Bit-balance and code orthogonality in hashing are achieved using batch normalization before binarization and the anchor construction method, without explicit penalty terms for bit-balance or code decorrelation (Hoe et al., 2021).

6. Empirical Results and Comparative Analysis

Empirical evaluation demonstrates that CAL yields improved or competitive discriminative power for both classification and hashing. Key results from (Hao et al., 2018) and (Hoe et al., 2021):

Dataset	Metric	Softmax	L-Softmax	C-NCM / CAL
MNIST	Error Rate (%)	0.47	0.31	0.25
CIFAR-10	Error Rate (%)	10.22	7.58	8.78
CIFAR-10+	Error Rate (%)	6.61	5.92	5.98
CIFAR-100	Error Rate (%)	37.26	29.53	30.86
CIFAR-10	mAP@5000 (64b)	—	—	89.1
NUS-WIDE	mAP@5000 (64b)	—	—	81.5
MS-COCO	mAP@1000 (64b)	—	—	51.8

CAL achieves significant gains over standard Softmax and rivals advanced techniques such as L-Softmax, but with zero extra learnable parameters and no margin tuning (Hao et al., 2018).
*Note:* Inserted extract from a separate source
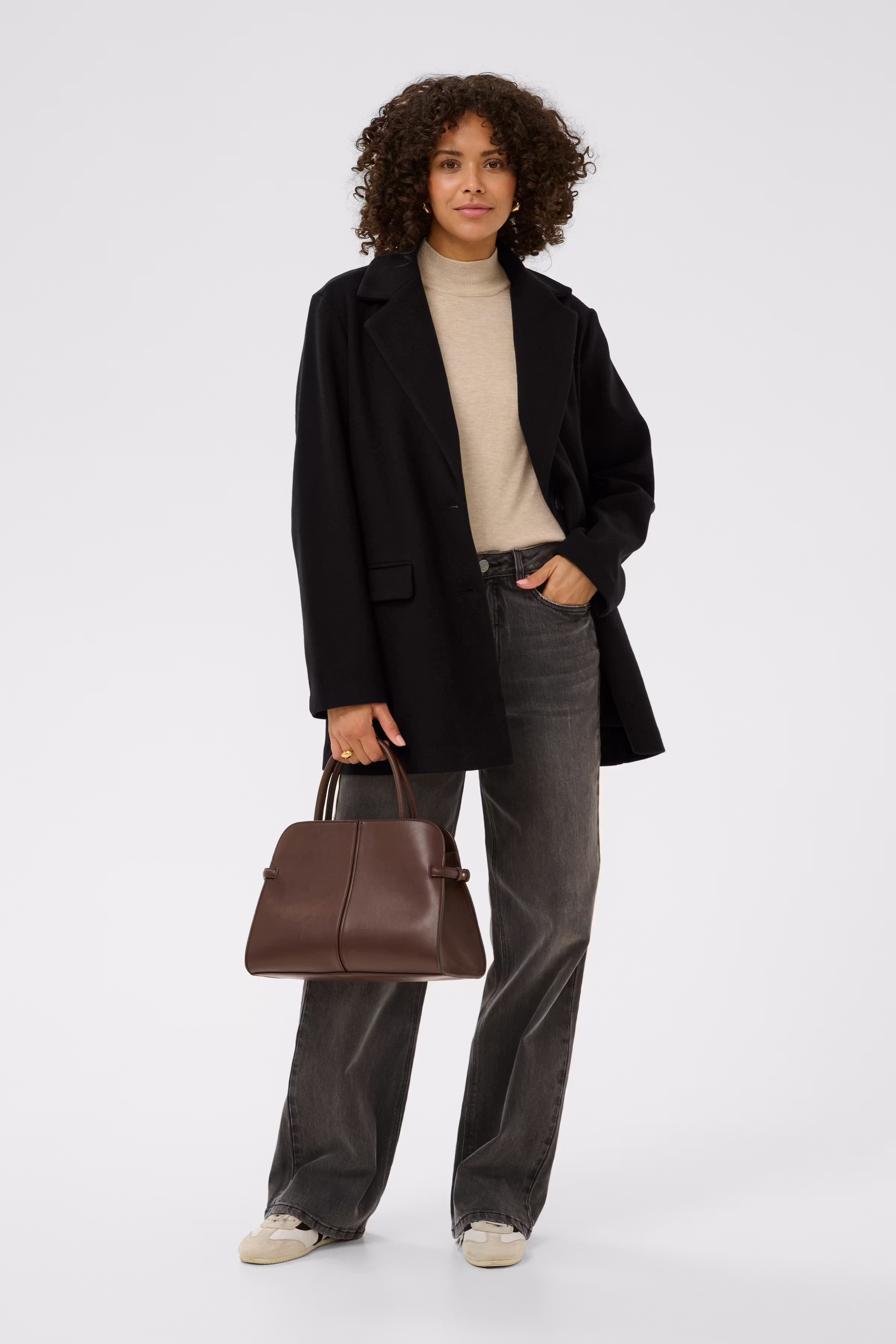 KAsaturn Kåpe LOOKBOOK FRONT 10511209-100121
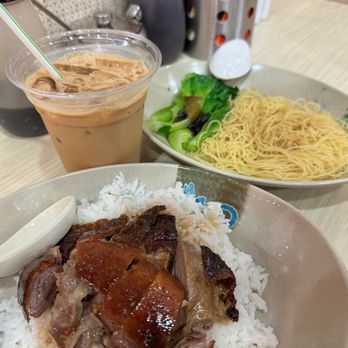 一樂燒鵝 - Roast goose, plain noodle, bok choy, and yuenyueng tea - Cantonese Near Me - Hong Kong, HK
In deep hashing, CAL consistently surpasses prior multi-loss baselines by 1–3 points in mAP across code lengths, while removing the need for complex regularization and auxiliary objectives (Hoe et al., 2021).

7. Practical Implications and Deployment Considerations

CAL is readily applicable in deep learning pipelines for both classification and supervised hashing. Its geometric formulation requires only the predefinition of anchor vectors and straightforward modifications to loss computation. It allows practitioners to eliminate explicit center/margin parameters, quantization objectives, and regularizers for bit-balance or class separation. CAL’s unification of intra/inter-class discrimination and quantization in a single loss renders model training stable, interpretable, and efficient (Hao et al., 2018, Hoe et al., 2021).

A plausible implication is that CAL provides a generic design pattern for loss construction wherever label supervision is available, anchor geometries can be imposed, and angular separation is desirable, including but not limited to image classification, instance retrieval, and multi-label recognition.